The Lyft firm says it is suspending operations in California after a judge ordered it to treat drivers as employees.
Both Lyft and Uber were told they had to classify their drivers as employees and not contractors by Friday.
Lyft has now said its California services will stop at 23:59 local time on Thursday (06:59 GMT on Friday).
Uber has warned that it will have to do the same if a stay is not granted by an appeals court before the deadline.
But Uber has yet to make any formal announcements.
“This is not something we wanted to do, as we know that millions of Californians depend on Lyft for everyday, essential travel,” Lyft said in a statement posted online.
Both companies have always claimed that their drivers are self-employed.
But a California law that went into effect earlier this year, known as AB5, extended employee classification to workers in the “gig economy”.
The judge’s ruling that the law applies to both Uber and Lyft means companies must provide drivers with extra benefits, such as unemployment protection.
Both companies filed an appeal against the sentence – and asked for its execution to be suspended while the courts handled the appeal.
Unless the stay was granted, both companies had 10 days to undertake what they considered a significant overhaul of their California business.
Both warned they could be forced to withdraw services from the state after 11:59 pm local time on Thursday.
What did the companies say?
Lyft says four out of five of its drivers don’t want to be classified as employees.
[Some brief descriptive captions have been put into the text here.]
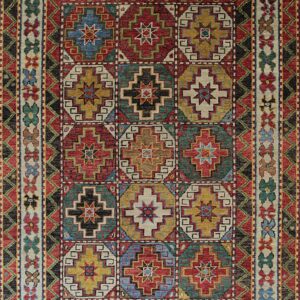 Geometric high-pile rug displaying stepped medallions in red, teal, gold, and cream squares.
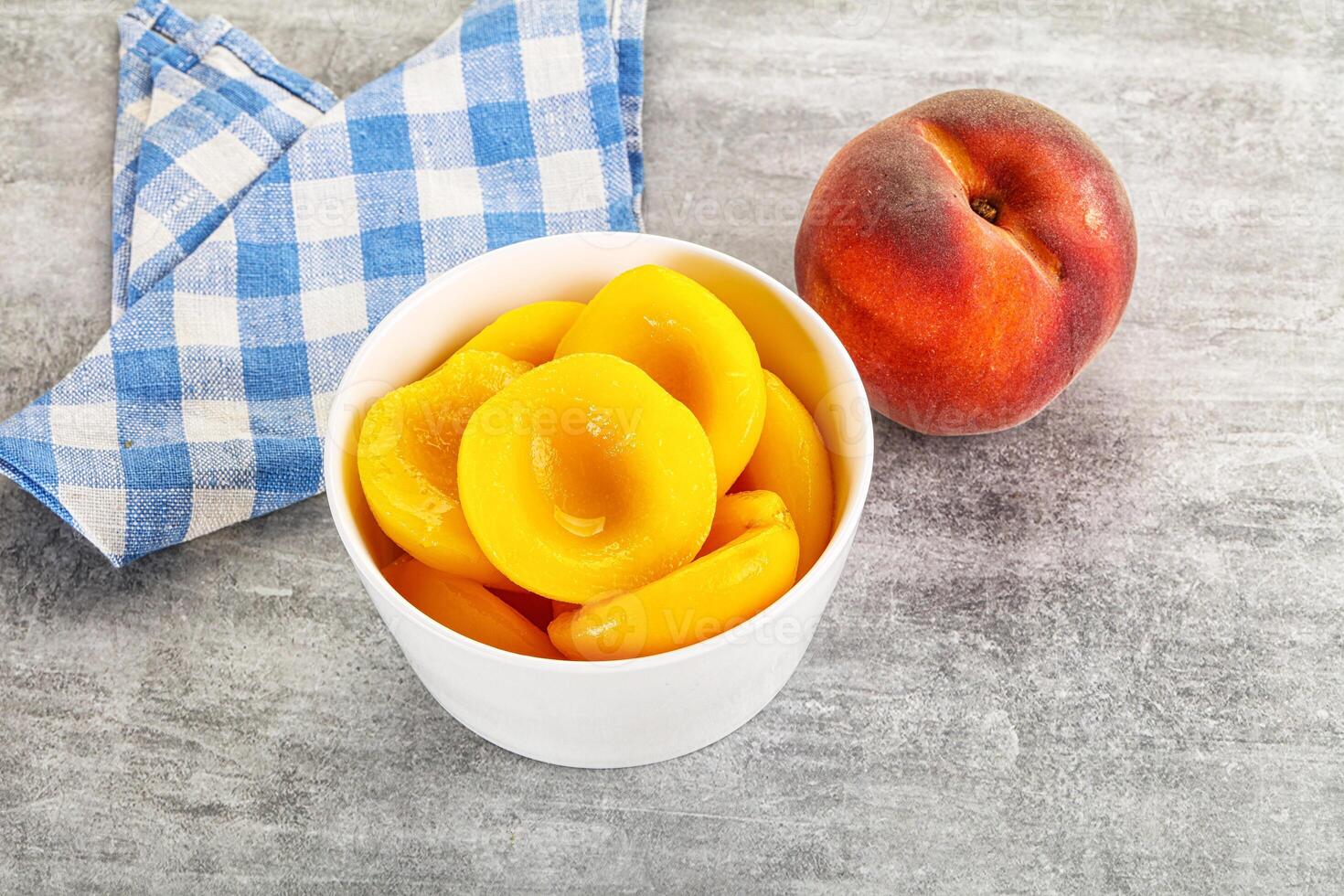Ripe sweet and juicy canned peach photo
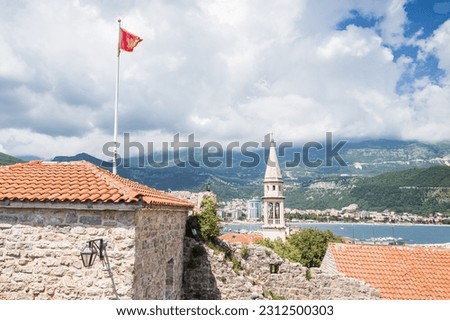 Montenegro flies proudly above Budva old town next to churches and medieval buildings pictured in May 2023.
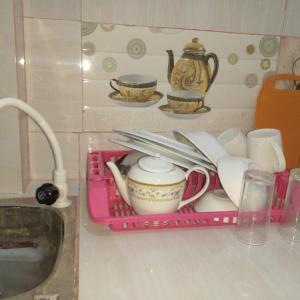a pink tray with dishes and a tea set on a counter at Star Home Stay Bentota in Bentota
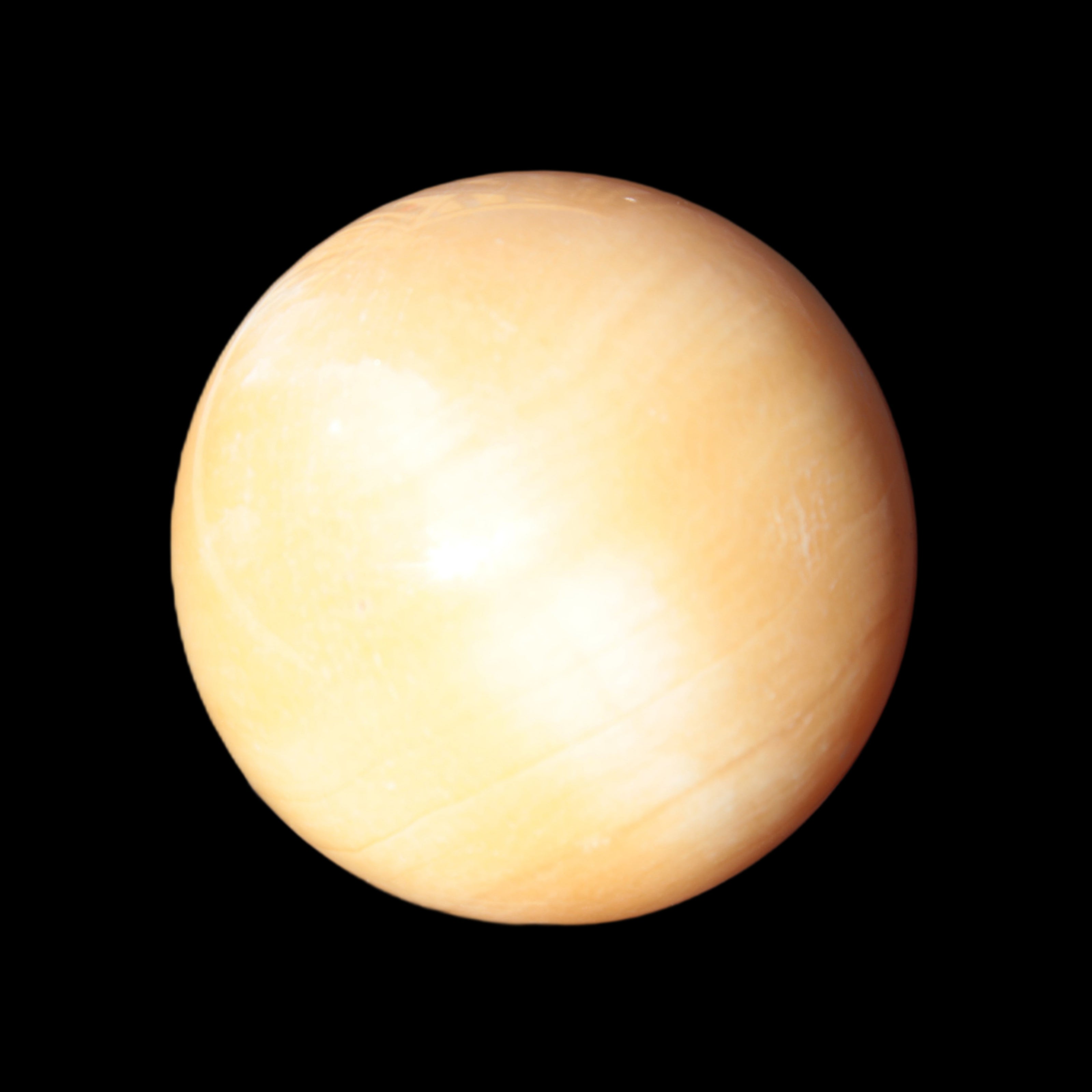 Honey Calcite sphere 53mm 187g in sunlight - Rocks and Things Store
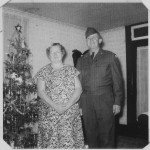 Grandma Miller and Uncle Vernie by the same Christmas tree. (1951)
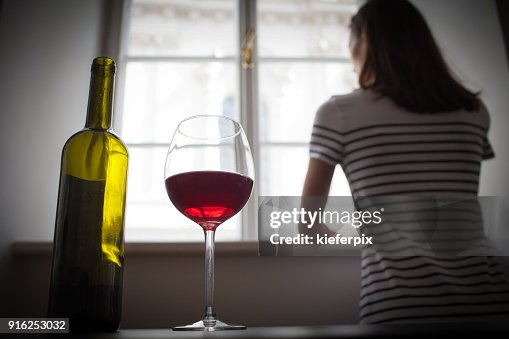 Woman drinking wine alone in the dark room Woman drinking wine alone in the dark room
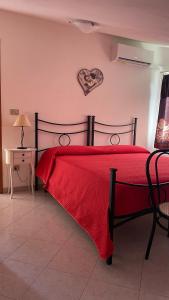 BiancaredduにあるLa Mansardaのベッドルーム1室(壁にハートを掛けた赤いベッド1台付)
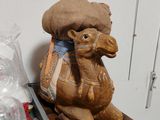 une statue représentant un chameau assis sur une table, à côté d'un récipient en plastique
Both argue that flexibility is appreciated by those who choose to work for them.
The two companies had emailed customers and pushed notifications to apps to try and get support for their part of the topic.
Uber chief executive Dara Khosrowshahi, meanwhile, wrote an opinion piece for the New York Times, arguing that his company wasn’t really averse to paying the costs of things like health insurance.
Instead, he argued that the choice between being a full-time employee and a “gig” worker was a problem in itself and the laws needed to be changed. He advocated for a system where companies pay benefits based on a rate per hour worked.
But he also said the company can only offer full jobs to a small portion of its workforce. In a podcast interview with Vox Media, he summed up the problem like this: “We can’t go out and hire 50,000 people overnight.”
Lyft echoed that sentiment, telling the court that it “cannot make the changes that the injunction requires with a simple switch.”
Companies have external support.
Some drivers don’t want to be classified as employees, and the mayors of San Diego and San Jose – a Democrat and a Republican – have joined forces to warn that closing services “virtually overnight” would harm one million residents in the state.
What happens next?
There is a potential way out for ride-sharing companies in the coming months.
A ballot that will be put to a vote in November, at the same time as the US presidential election, would grant Uber and Lyft an exemption from the law. It is known as proposition 22.
“Your voice can help,” Lyft wrote in its blog post about discontinuing services.
“Prop 22 proposes the necessary changes to give drivers the benefits and flexibility, while maintaining the rideshare model that helps you get where you need to go,” he said.
Both companies, along with other supporters like the DoorDash food delivery app, have reportedly spent millions of dollars on lobbying and campaigning for the law.
Labor groups, meanwhile, are firmly against, arguing that it will save companies huge sums of money at the expense of drivers.
It is possible that a closure of services could last at least until November, when the matter could be decided by the outcome of Proposition 22.